Gönderen Konu: En sıcak, en kurak, en derin ÖLÜM VADİSİ  (Okunma sayısı 7093 defa)

0 Üye ve 1 Ziyaretçi konuyu incelemekte.

Çevrimdışı GeZGiN

  • Yönetici
  • DoğaKolik
  • *****
  • İleti: 7749
    • insan ve doğa
En sıcak, en kurak, en derin ÖLÜM VADİSİ
« : 24 Ekim 2011, 08:55:40 »
Bu vadinin büyüleyici yer şekilleri, rengarenk kayaları Antonioni’nin filmine dekor, Pink Floyd’un müziğine esin, U2’nin Joshua Tree albümüne kapak oldu. ABD’nin Alaska’dan sonra en büyük ulusal parkı “Ölüm Vadisi” yaklaşık Muğla ili büyüklüğünde. Nevada ile Kaliforniya eyaletlerinin sınırındaki parkta ülkenin en derin çukuru ve en yüksek dağı yanyana.

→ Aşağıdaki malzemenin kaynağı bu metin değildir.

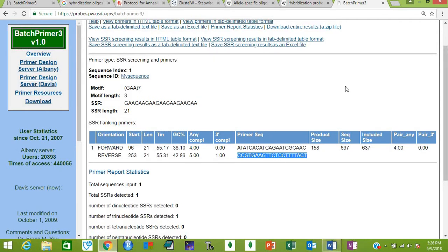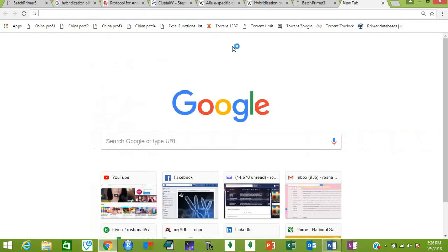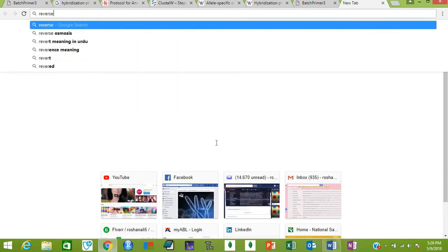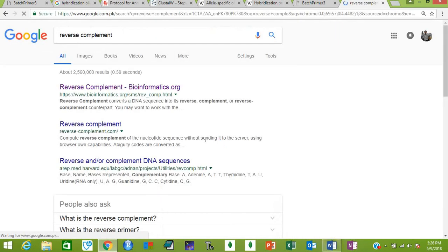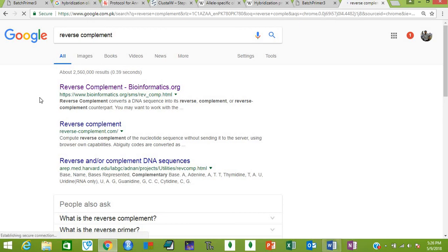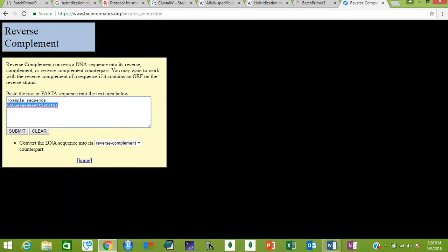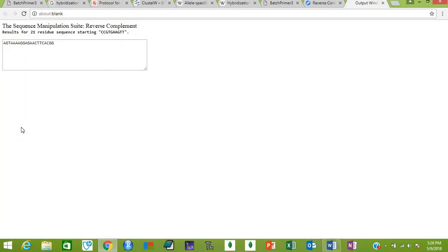For that purpose, go to Google again and type 'reverse complement.' Here is the website. This will find the reverse complement for your sequence. Just paste your sequence here and submit. This is your reverse complement.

Derler ki: Çok eski çağlarda Anadolu’nun ortasında bir iç deniz vardı. Çevresinde gür sedir ağaçları bulunuyordu. Hititler bunlardan gemiler yapmış, Akdeniz’e açılmış, çevre ülkelere seferler düzenlemişti. Giderek küçülen bu denizden günümüze Tuz Gölü olarak bildiğimiz su birikintisi kaldı. O da yakın gelecekte küresel iklim değişikliği nedeniyle belki de geride sadece tuz katmanı bırakarak tamamen yok olacak.
Aynı olay günümüzden 20 bin yıl önce Ölüm Vadisi’nde gerçekleşmiş ve ABD’nin Alaska’dan sonra ikinci büyük doğal parkını (12 bin 360 kilometrekare) oluşturmuş. Yılda 800 bin kişi doğal güzelliklerini görmek için vadiye geliyor.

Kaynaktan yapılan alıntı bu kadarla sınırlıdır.